▶ **What is being asked**:
Look below for the line that contains "Jadwal dokter untuk" and the line that contains "Tiger Point tide", then restate both of them and every line in between, exactly. No picture goes in the copy.

▶ **Source data**:
<<<<

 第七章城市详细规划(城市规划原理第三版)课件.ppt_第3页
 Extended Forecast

>>>>
<<<<

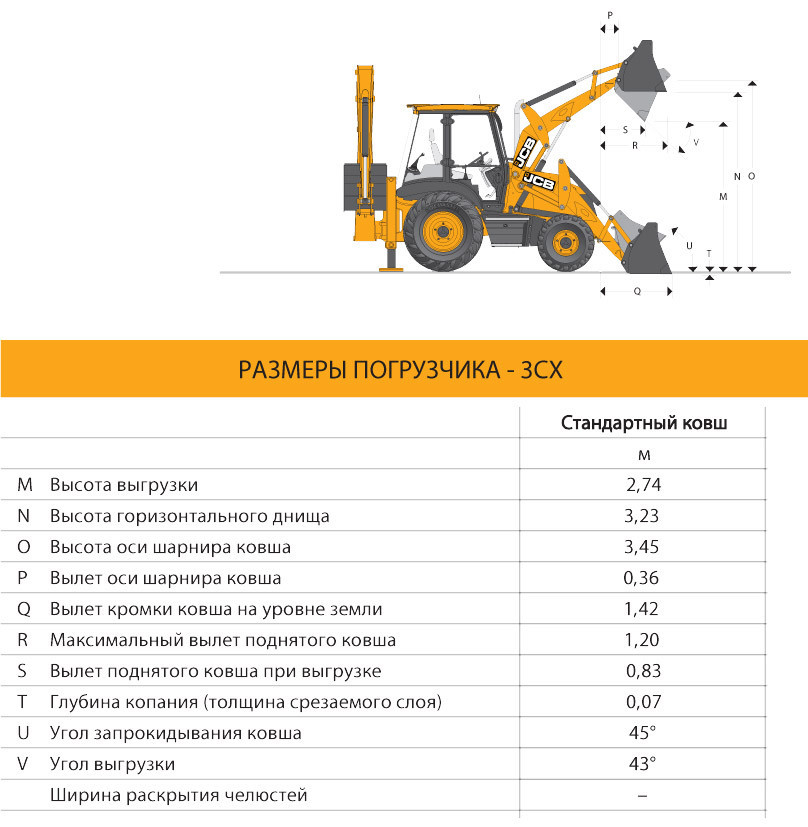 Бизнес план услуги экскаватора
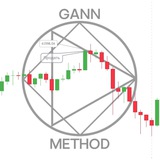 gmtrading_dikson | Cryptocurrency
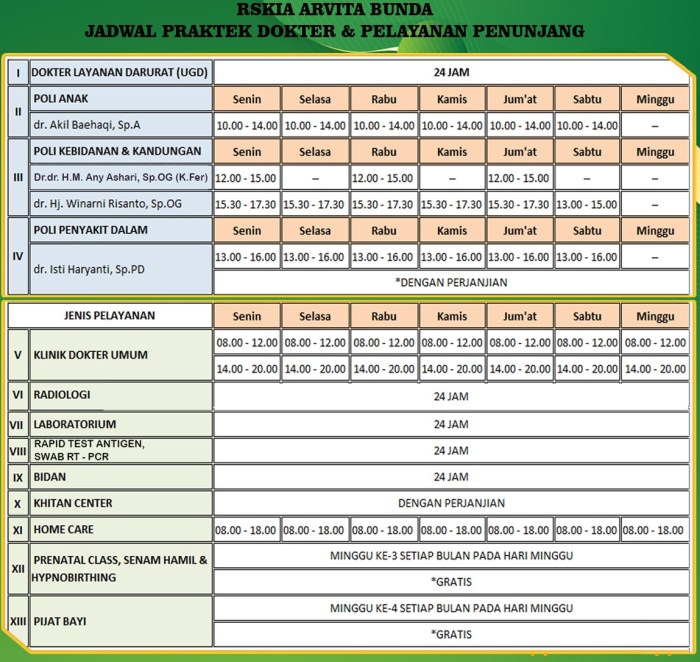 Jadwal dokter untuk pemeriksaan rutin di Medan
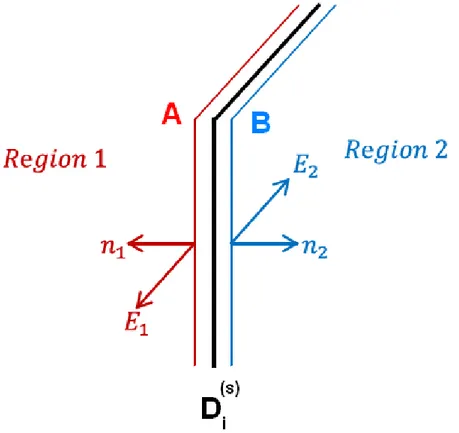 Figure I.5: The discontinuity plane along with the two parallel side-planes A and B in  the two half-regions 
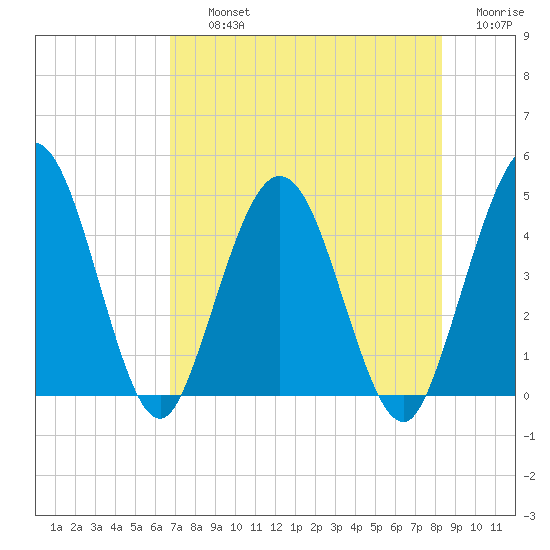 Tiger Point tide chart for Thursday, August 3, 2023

>>>>

▶ **Problem solution**:
 Jadwal dokter untuk pemeriksaan rutin di Medan
 Figure I.5: The discontinuity plane along with the two parallel side-planes A and B in  the two half-regions 
 Tiger Point tide chart for Thursday, August 3, 2023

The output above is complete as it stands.